There are two basic approaches to speech synthesis: formant synthesis that creates totally digitized or synthetic speech from scratch; and concatenation, where actual, prerecorded human voice segments are stored and used to convert text into speech. The first method requires a relatively small CPU and memory footprint, and has the advantage of being adaptable to different languages as pitch and duration of words may be easily varied. The sound quality produced using this approach is generally inferior, and the generated speech sounds a bit robotic. The concatenative approach stores prerecorded fragments of actual human speech in databases, grouping them as needed to produce full words and sentences. The length of individual fragments varies: the smallest units of speech that distinguish one utterance from another is called a phoneme. However, individual speech sounds may vary depending on the sounds preceding and following the specific phoneme. Longer speech units also decrease the density of concatenation points, thus providing better speech quality. Diphones, units that begin in the middle of the stable state of a phoneme and end in the middle of the following one are often chosen as a solution to this problem. Even larger units of speech, like triphones, tetraphones and even whole words are used in the newest generation of TTS engines, requiring larger databases and more efficient storage and retrieval methods.

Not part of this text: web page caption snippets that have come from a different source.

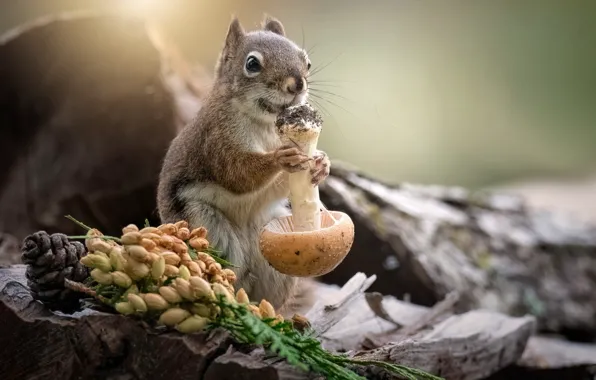 Mushroom, stump, protein, fruit, grey, bump, needles, stand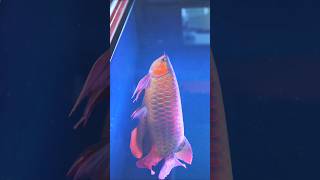 RTC Arowana Fish Breeding Pair Setup Aquarium rtcarowana arowanafish breedingpair viralshorts [upl. by Acey634]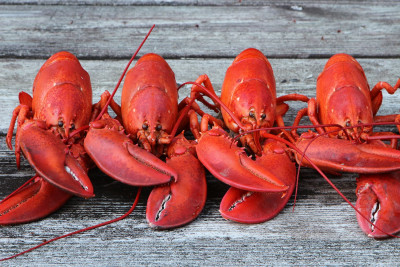 Bakso Lobster Viral! Kenali Kandungan Gizinya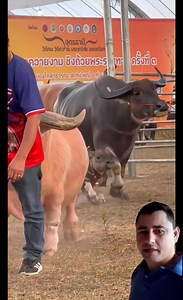 Essa é uma raça de boi diferente de outros #viralizar #boi #top | Jose Cicero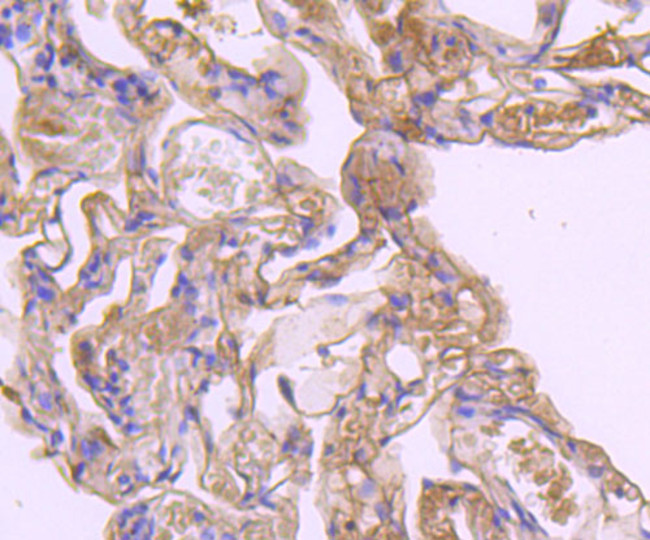 Caspase 1 Antibody in Immunohistochemistry (Paraffin) (IHC (P))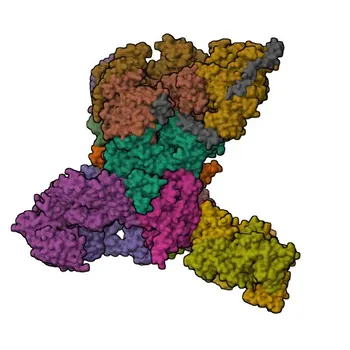 Anti-Timeless Monoclonal Antibody for WB, ELISA - Q9UNS1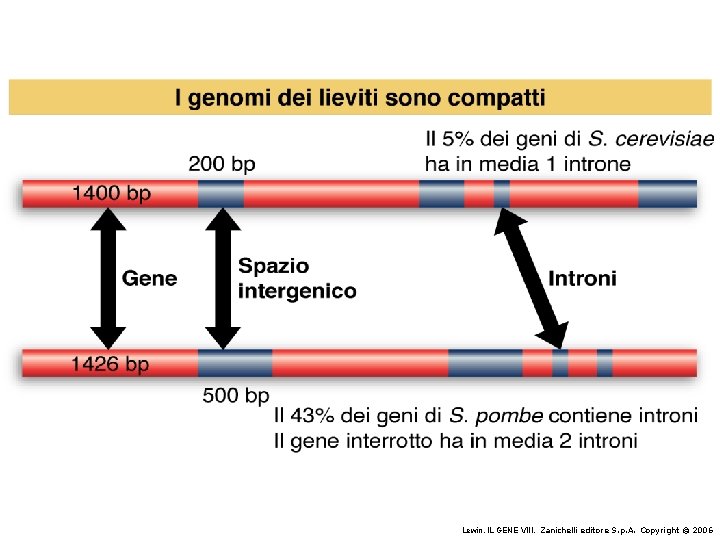Lewin, IL GENE VIII, Zanichelli editore S. p. A. Copyright © 2006 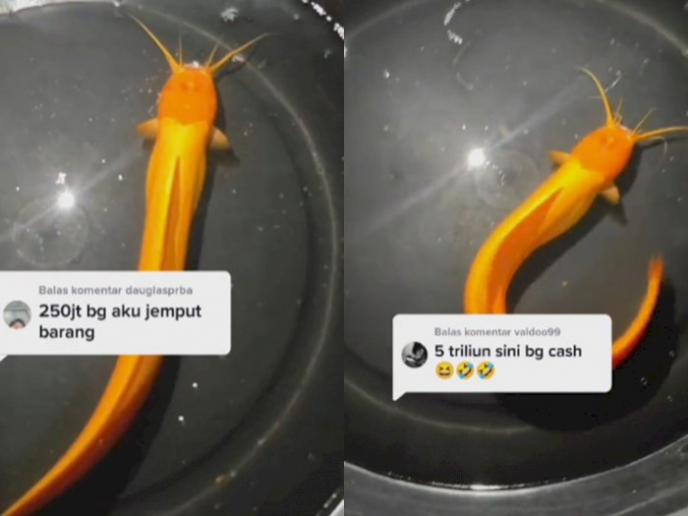 Viral Ikan Lele Emas Seharga Rp 5 Triliun Pemiliknya Batal Menjual, Ini Alasannya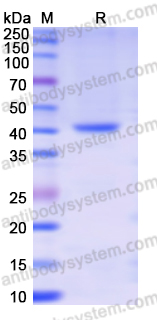 Recombinant Human API5 Protein, N-His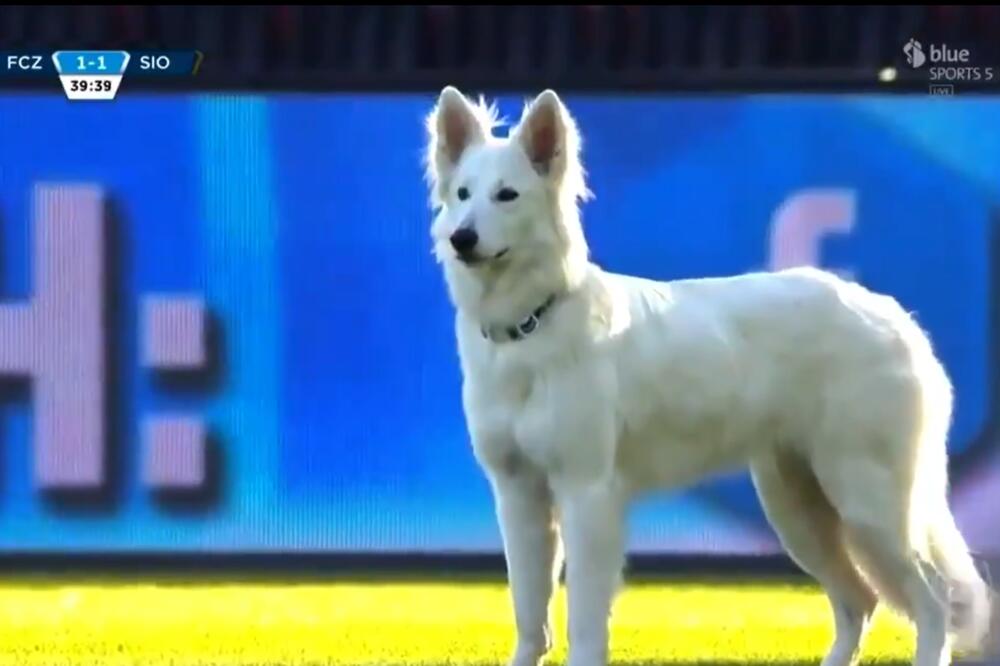 DA LI JE OVO LUDOST ILI STVARNO RADI? Ostende nabavio pse da pronađu zaražene Koronavirusom pri ulasku na stadion!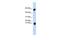 MIC10 antibody, GTX46630, GeneTex, Western Blot image 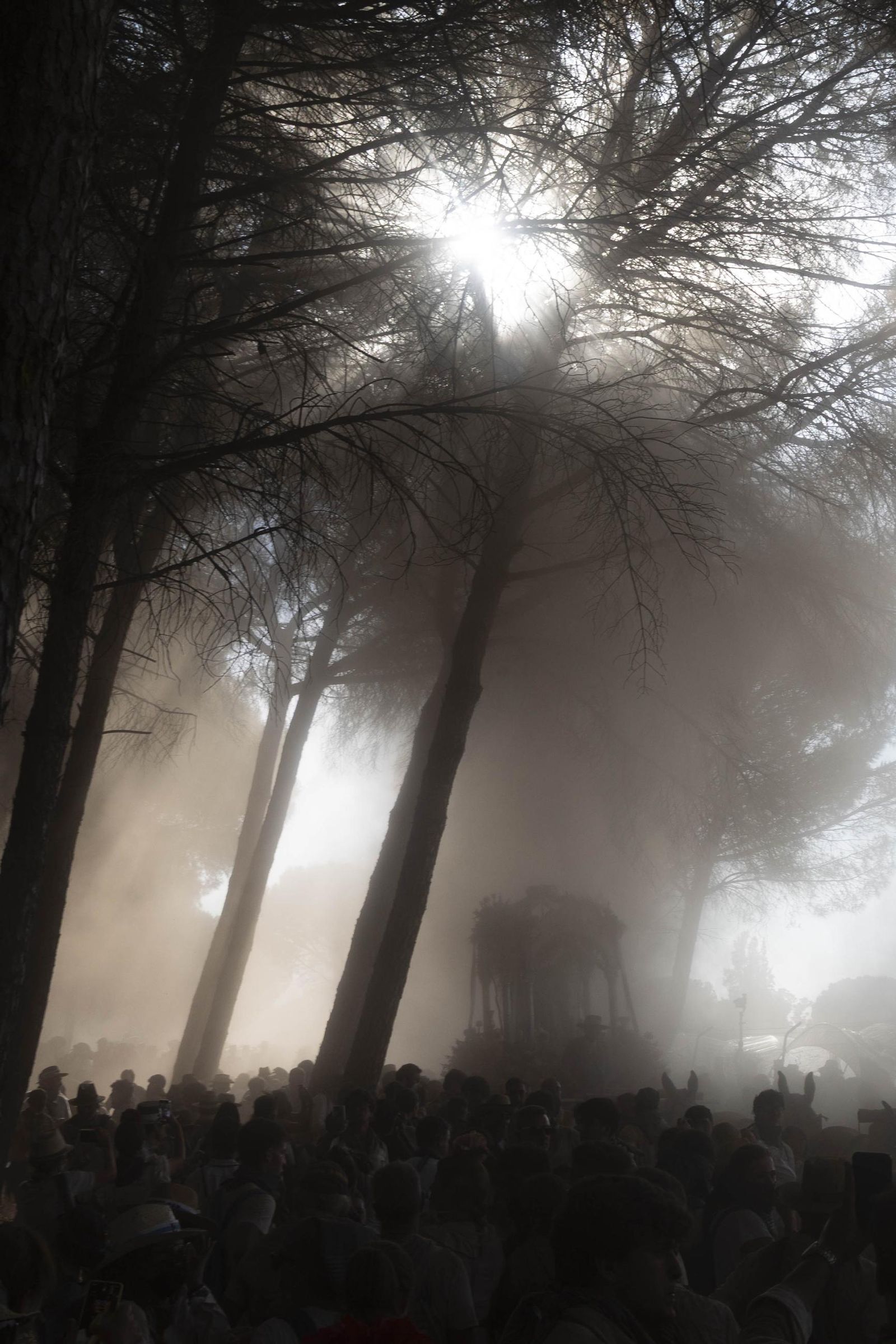 Las mejores imágenes de la Hermandad del Rocío de Huelva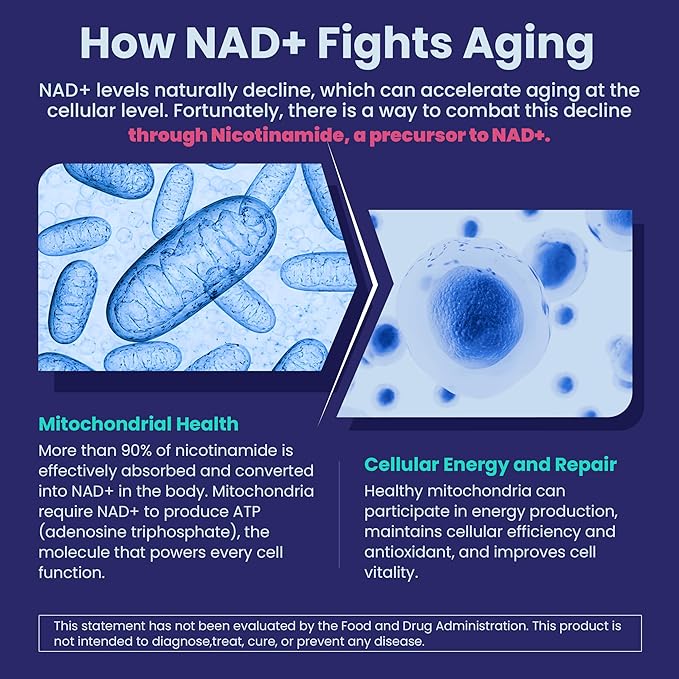 2 Pack - Nicotinamide 500mg Gummies, NAD+ Supplement for Women & Men w/ Collagen Peptides, (Flush Free Niacin) Vitamin B3 Niacinamide for Anti-Aging, NAD+ Levels, Longevity, Focus & Brain, Sugar Free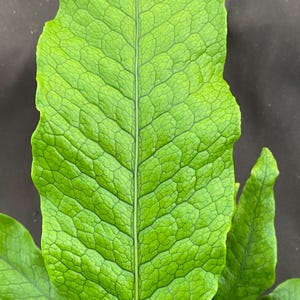 May include: Close-up of a vibrant green fern leaf. The leaf's surface is textured with a network of small, interconnected cells, creating a detailed pattern. The central vein runs down the middle, with smaller veins branching out. The leaf is set against a dark background.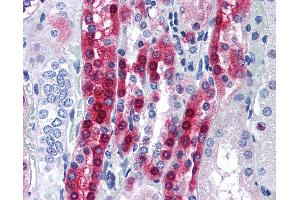 Anti-PPP1R1A antibody IHC of human kidney. (PPP1R1A antibody  (AA 50-100))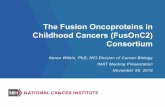 The Fusion Oncoproteins in Childhood Cancers (FusOnC2 ... · NCI Cancer Moonshot. SM. Blue Ribbon Panel Recommendations. A. Establish a network for . direct patient involvement. B.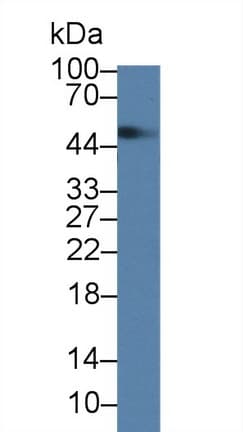TANK Antibody (aa131-369, Biotin)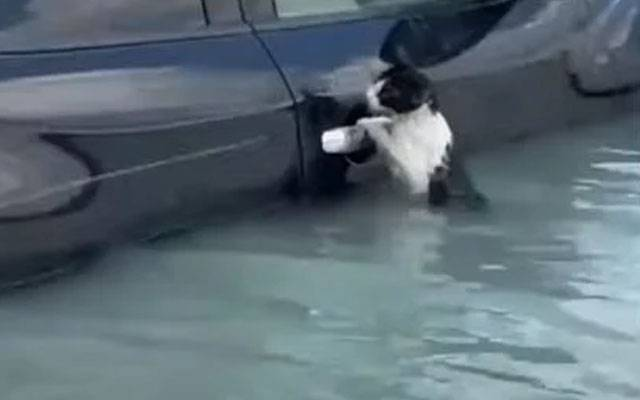 Dubai: The interesting video of rescuing a cat trapped in a flooded relay has gone viral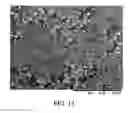 Fig. 16 - Immunoassay method and device with magnetically susceptible bead capture
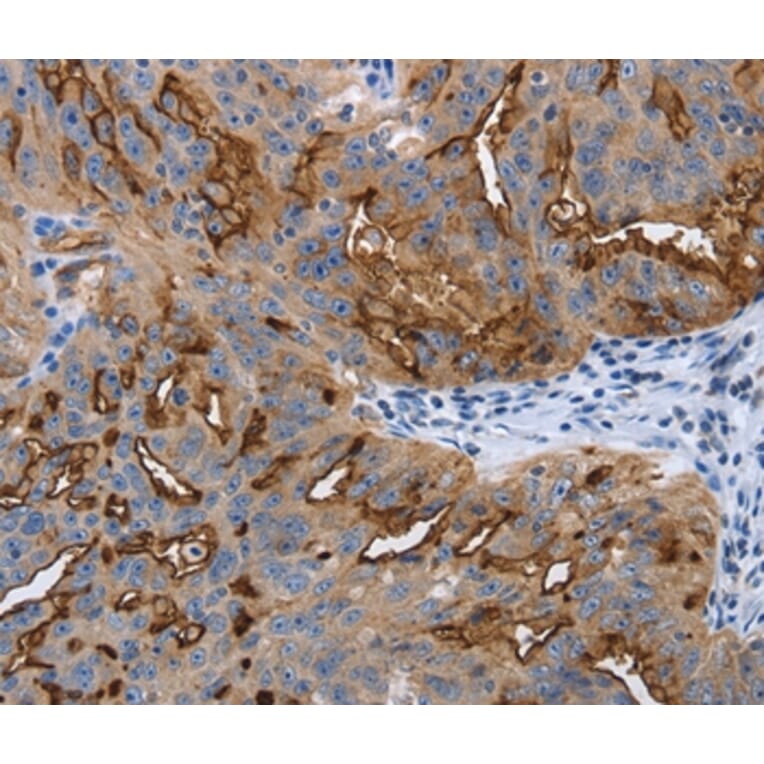Immunohistochemistry - PODXL Antibody from Signalway Antibody (37211) - Antibodies.com
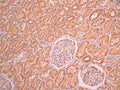 IHC image of CSB-RA903831A0HU diluted at 1:100 and staining in paraffin-embedded human kidney tissue performed on a Leica BondTM system. After dewaxing and hydration, antigen retrieval was mediated by high pressure in a citrate buffer (pH 6.0). Section was blocked with 10% normal goat serum 30min at RT. Then primary antibody (1% BSA) was incubated at 4°C overnight. The primary is detected by a Goat anti-rabbit polymer IgG labeled by HRP and visualized using 0.05% DAB.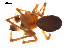  ( - CCDB-05269-H06)  @13 [ ] CreativeCommons - Attribution (2009) Gergin Blagoev, Centre for Biodiversity Genomics Centre for Biodiversity Genomics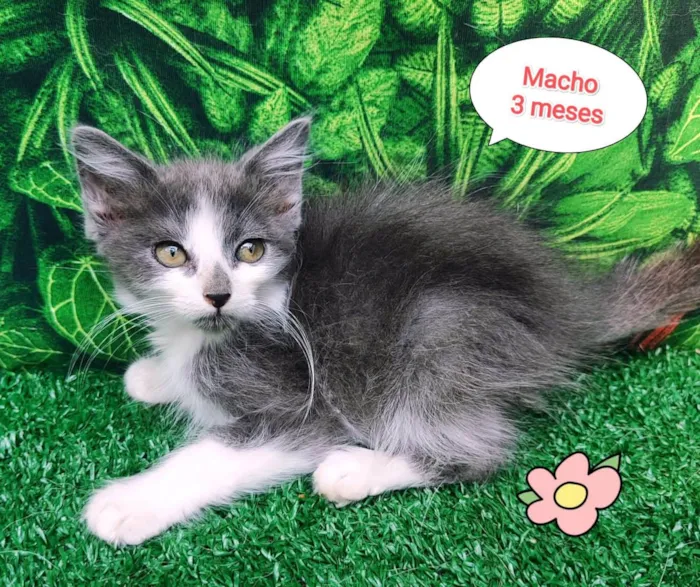 Gato ra a SRD-ViraLata idade 2 a 6 meses nome Beto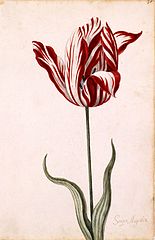 Semper Augustus, one of the most expensive tulip sold during tulip mania. TTulip breaking virus causes the red and white streaks. (Wikimedia Commons)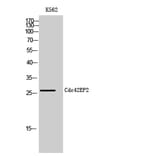 Western Blot - Anti-BORG1 Antibody (C15023) - Antibodies.com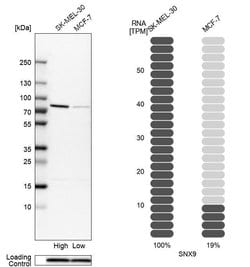 SNX9 Polyclonal Antibody:Antibodies, Polyclonal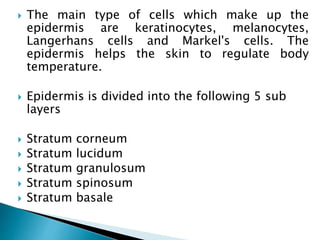  The main type of cells which make up the
epidermis are keratinocytes, melanocytes,
Langerhans cells and Markel's cells. The
epidermis helps the skin to regulate body
temperature.
 Epidermis is divided into the following 5 sub
layers
 Stratum corneum
 Stratum lucidum
 Stratum granulosum
 Stratum spinosum
 Stratum basale
 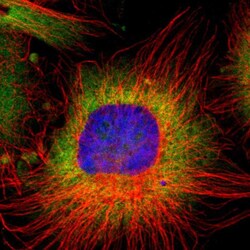 Invitrogen RPL9 Polyclonal Antibody 100 &mu;L; Unconjugated:Antibodies,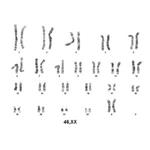 K06 | Karyotype service from live mouse cells, BSL1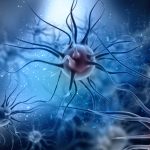 Tiến hóa cùng virus ảnh hưởng đến sự nhạy cảm với các bệnh nhiễm trùng trong tương lai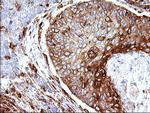SCAMP2 Antibody in Immunohistochemistry (Paraffin) (IHC (P))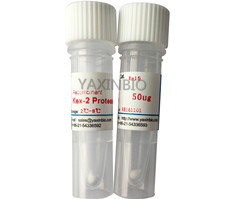 Quality Kex-2 Protease Double Base Enzyme that the Optimum PH is 9.0  With 2-8°C Storage Temperature for sale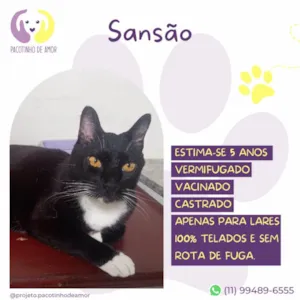 Gato raça SRD-ViraLata idade 5 anos nome Sansão 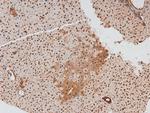 Phospho-CD150 (Tyr327) Antibody in Immunohistochemistry (Paraffin) (IHC (P))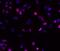 Survivin antibody, 14-9176-80, Invitrogen Antibodies, Immunocytochemistry image 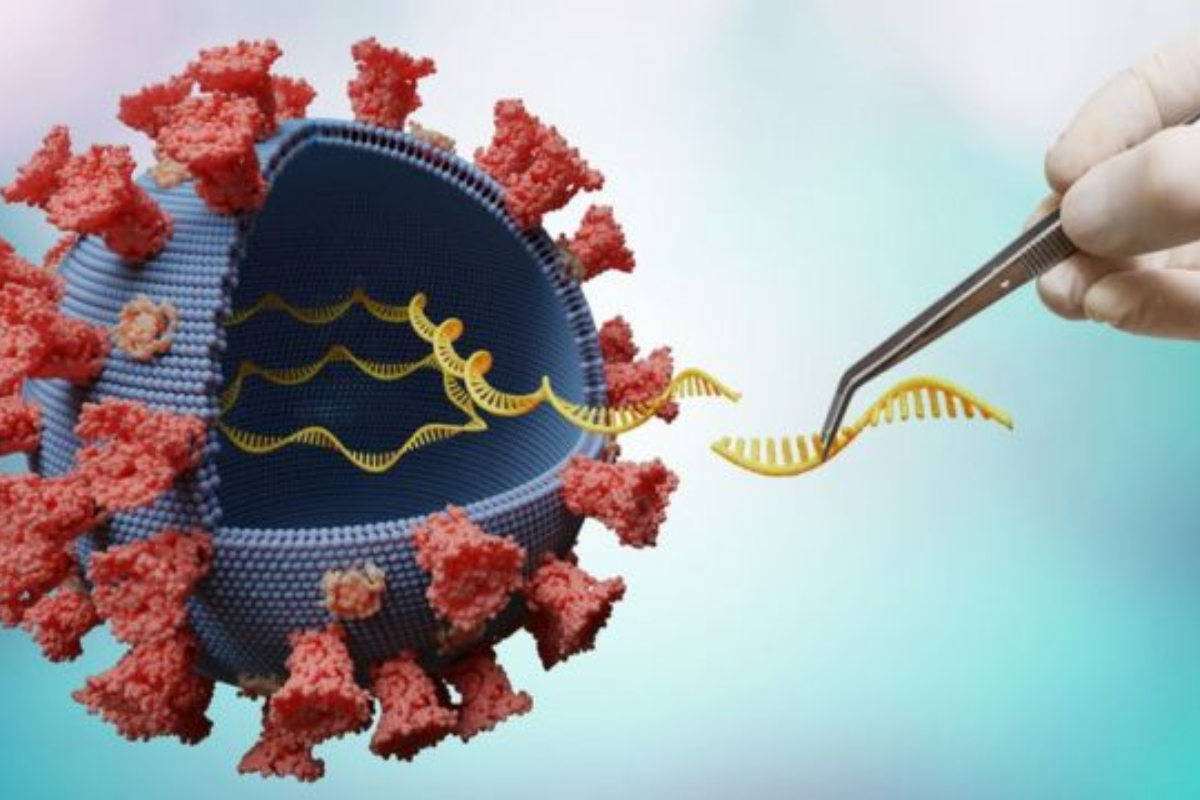 COVID-19: cómo el virus afecta las proteínas estructurales de nuestro ADN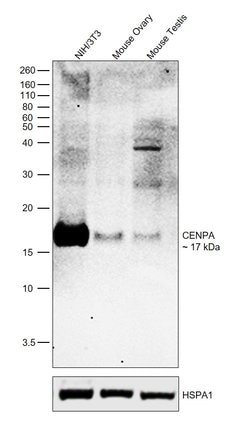 Invitrogen CENPA Monoclonal Antibody (H.577.2) 100 &mu;L; Unconjugated:Antibodies,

No matter what method is used, every TTS engine generally contains two basic modules: a Natural Language Processing module that produces a phonetic transcription of the written text, and a Digital Signal Processing module that converts the output of the NLP section to the spoken words. Basically, the process of speech synthesis starts with a step called text normalization, which defines how each word is to be spoken. Remember that words that appear similar in the plain written text don't necessarily have the same pronunciation (like read that can be pronounced red and reed, depending on the context). Some words have to be expanded or even replaced: numbers, abbreviations, dates, times, acronyms, etc. Numbers are especially good candidates for context analyzers: good TTS engine for the US market will "know" that 556-9872 is probably a phone number and won't read it as five hundred fifty six... Once we got the unambiguous set of words, the control is passed to the phoneme converter that tries to look up the specific word in a pronunciation database, or apply letter-to-sound rules. But even the best engines with elaborate databases will have to rely on the help of exception dictionaries, storing words that defy all other rules of pronunciation. And that's not all - the hardest part, prosody generation, still lies ahead. The term prosody refers to the rises and falls of pitch, loudness and syllable length. Generated speech will preserve a lot of its perceived naturalness only if this step is performed correctly: otherwise we are left with the monotone and boring sound that can be very tiring over longer periods.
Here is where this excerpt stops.